There have been just enough hot sunny days to remind me how much I prefer the shade to sitting, or walking, or doing almost anything in the sun. Shade, that is, with sun round the edges; pools of shade, as under trees, for example. Perhaps I am like a camera film that renders the shady foreground well enough., but can’t handle the light beyond. The image burns out.
The garden is close to monochrome at present, or rather we have so many flowers in the hard-to-name purpley-bluey-lavender-violet range that it looks as though I’ve done it on purpose. They take their cue, it seems, from The Geranium of the Millenium – for surely Rozanne has earned that title. You see her everywhere, as you did Verbena bonariensis a year or two ago – and still do in this garden. Come to that their colours are both in the same part of the spectrum.
So are the little viola that spent the winter in a pot indoors and gamely flowers on in her summer quarters, Campanula persicifolia, a catananche I’ve taken up with, Tulbaghia violacea, which I’m told is rather charmingly known as Society Garlic, and the best of all summer clematis, Perle d’Azur.

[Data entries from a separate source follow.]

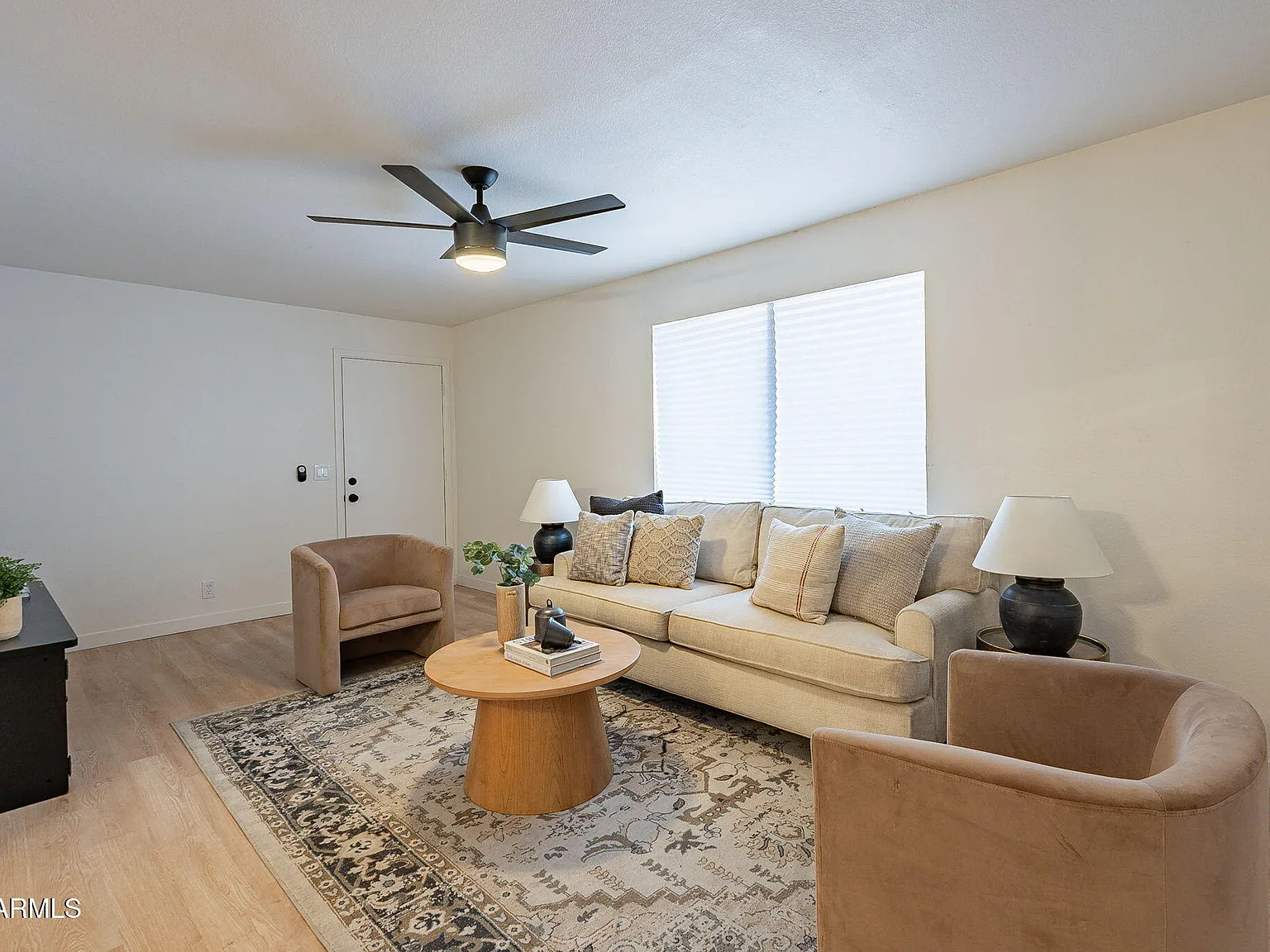 2 bed, 1.0 bath, 880 sqft, $1,300 — Photo 2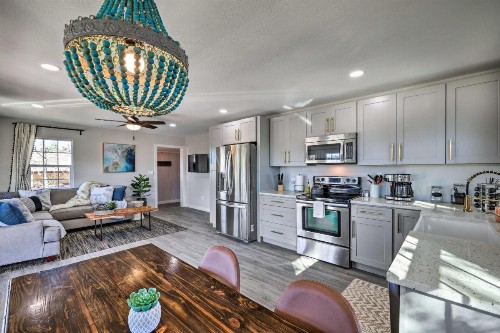 Boho Lake Haus - Dog Friendly and Lake Views! - image 7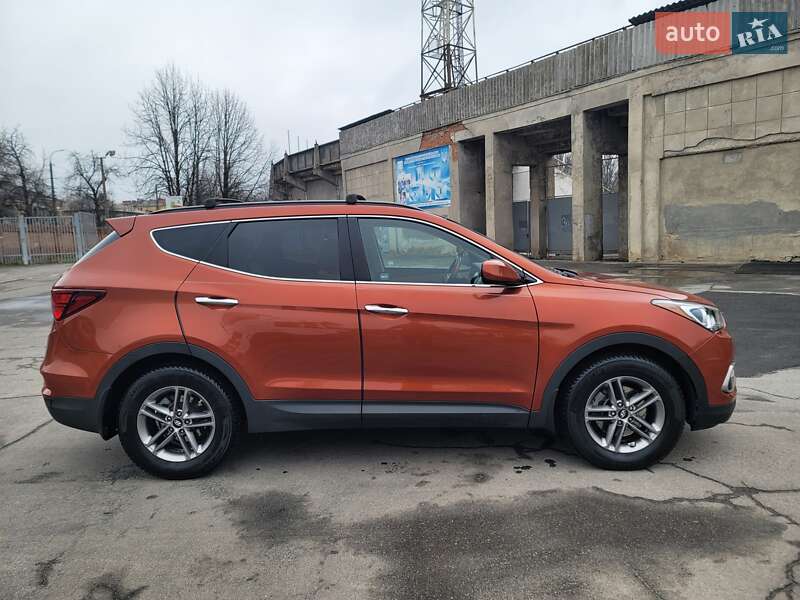 Позашляховик / Кросовер Hyundai Santa FE 2016 в Вінниці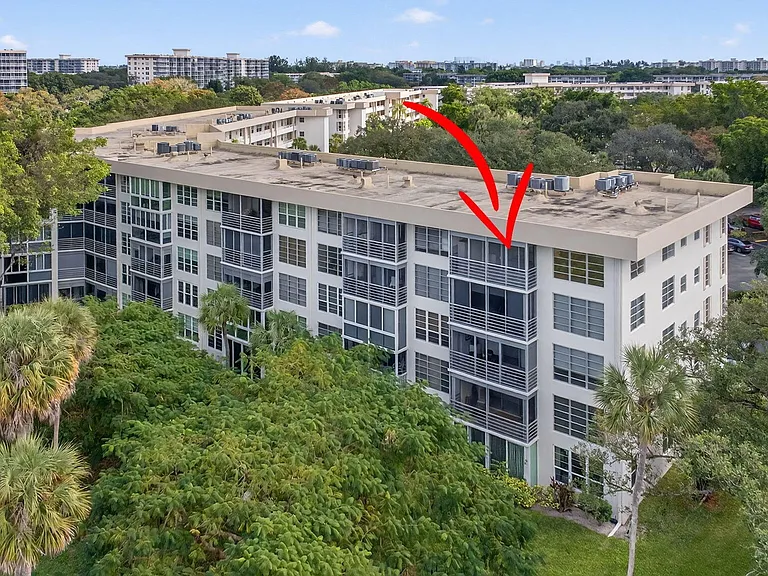 3960 Oaks Clubhouse Dr #512 — Photo 4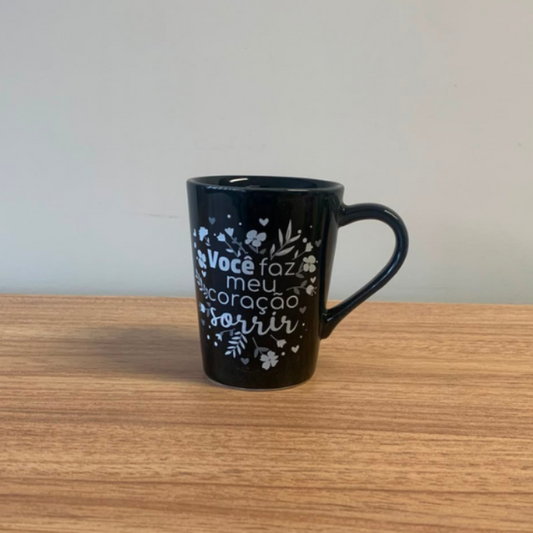Caneca porcelana 220 ml - preta - você faz meu coração sorrir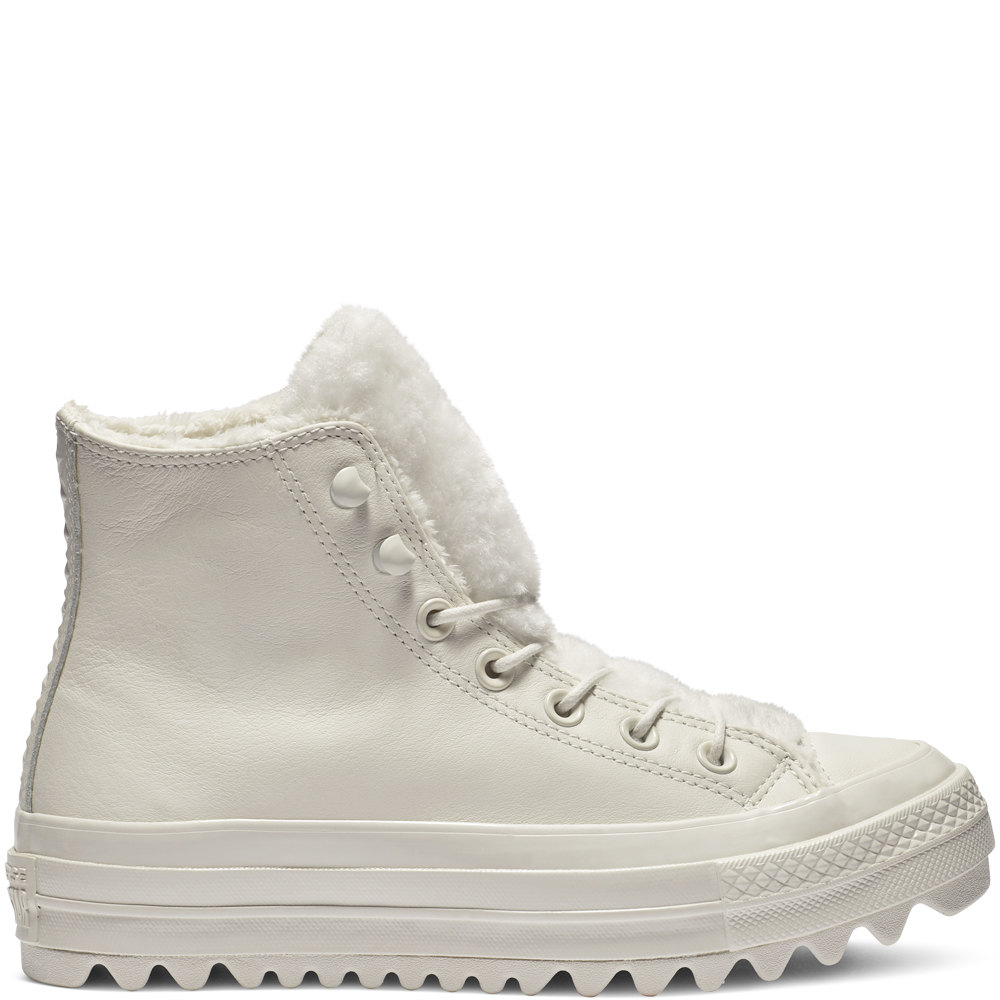 Converse Women’s Chuck Taylor All Star Core Hi NWT Converse Women’s Chuck Taylor All Star Core Hi NWT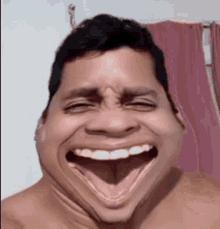 quando todo mundo para de rir  mais vc ta tendo crise de riso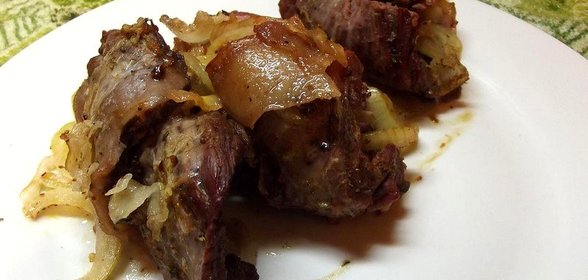 Мясные рулетики с луком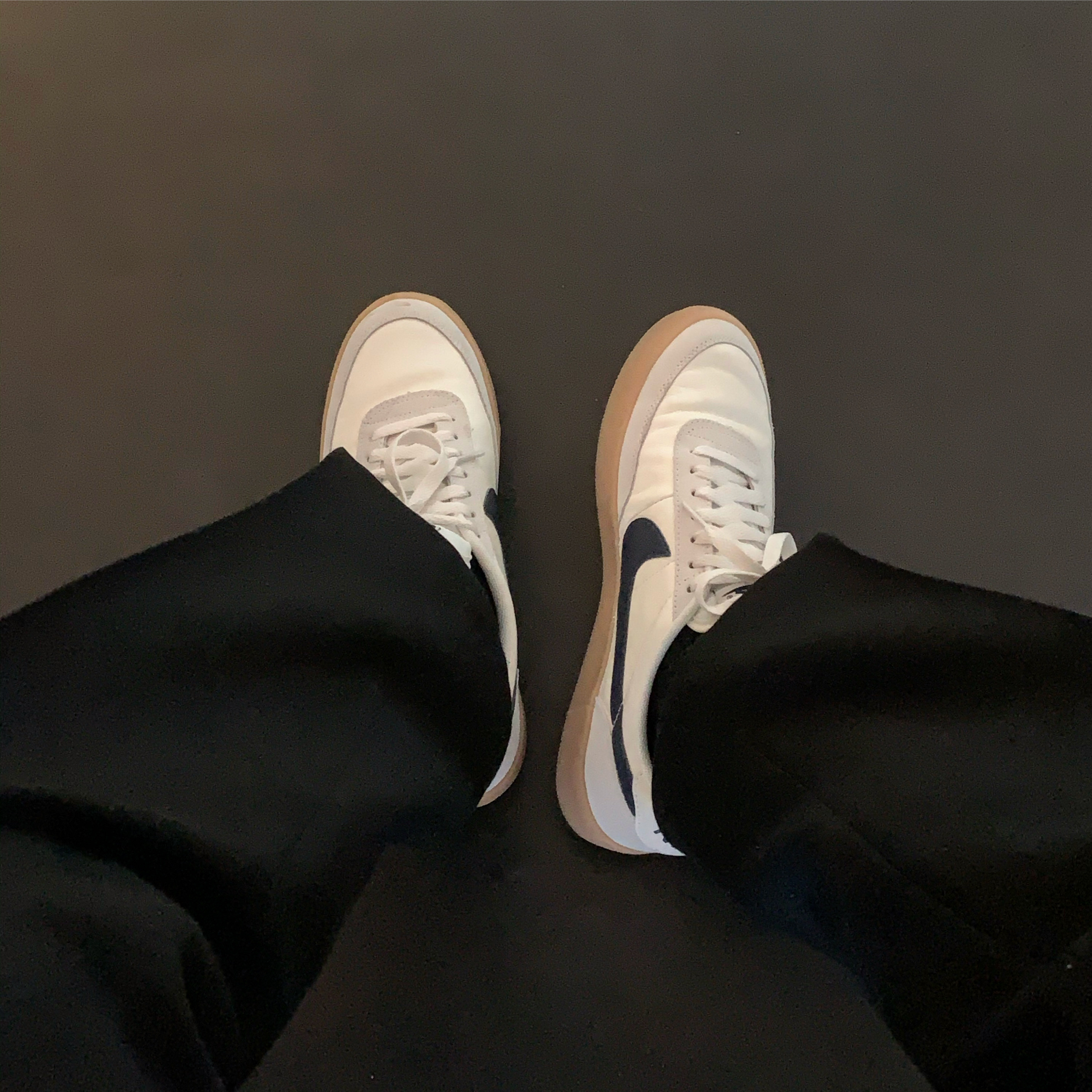 Nike Killshot 2 Leather Sail Oil Grey Gum 착용 스타일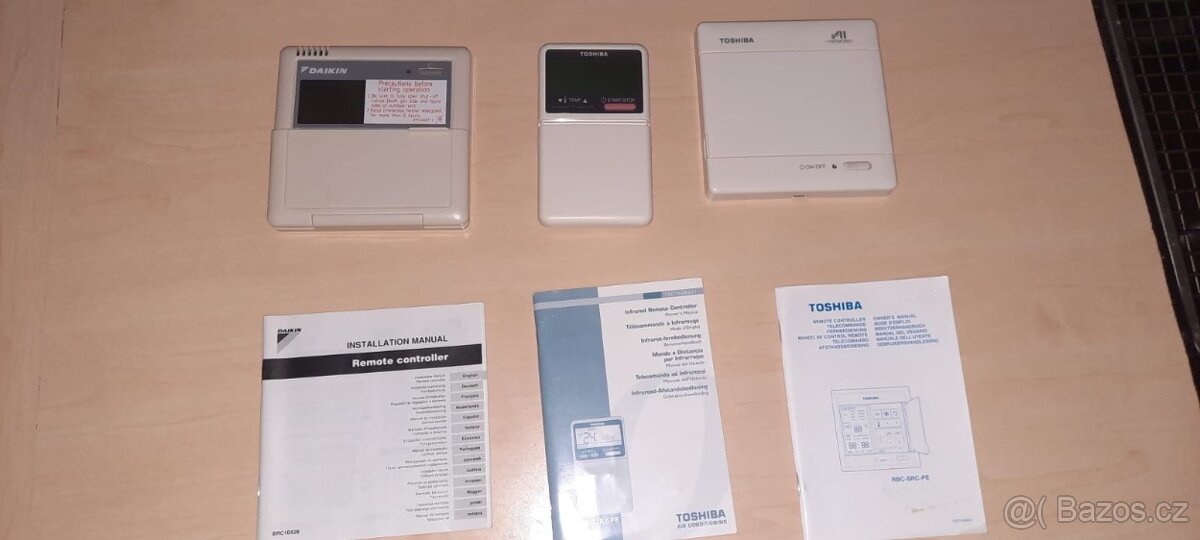 Prostorový termostat Toshiba a Daikin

The newer and smaller Prince Charles is a relatively feeble version of the same colour.
I can’t be held responsible for the roses that flourish high above the wall on our neighbour’s side. They make sure no colour scheme of ours will survive. But do I mind? No, I’m not a schemer at heart, and their Wars of the Roses red and white is a splendid statement. Then on our side there’s Iceberg, Gloire de Dijon, Alister Stella Gray – all our old favourites – and Bantry Bay (perhaps a mistake; pink looks like a compromise).
What astonishes me is how much water everything wants. Above all, of course, the pots. When we go to Wales for two weeks I shall rely entirely on a newly-acquired Aqua-Pod dripper system. The landlord of the corner pub nourishes a lurid display with it. But then he doesn’t take a fortnight off in Wales.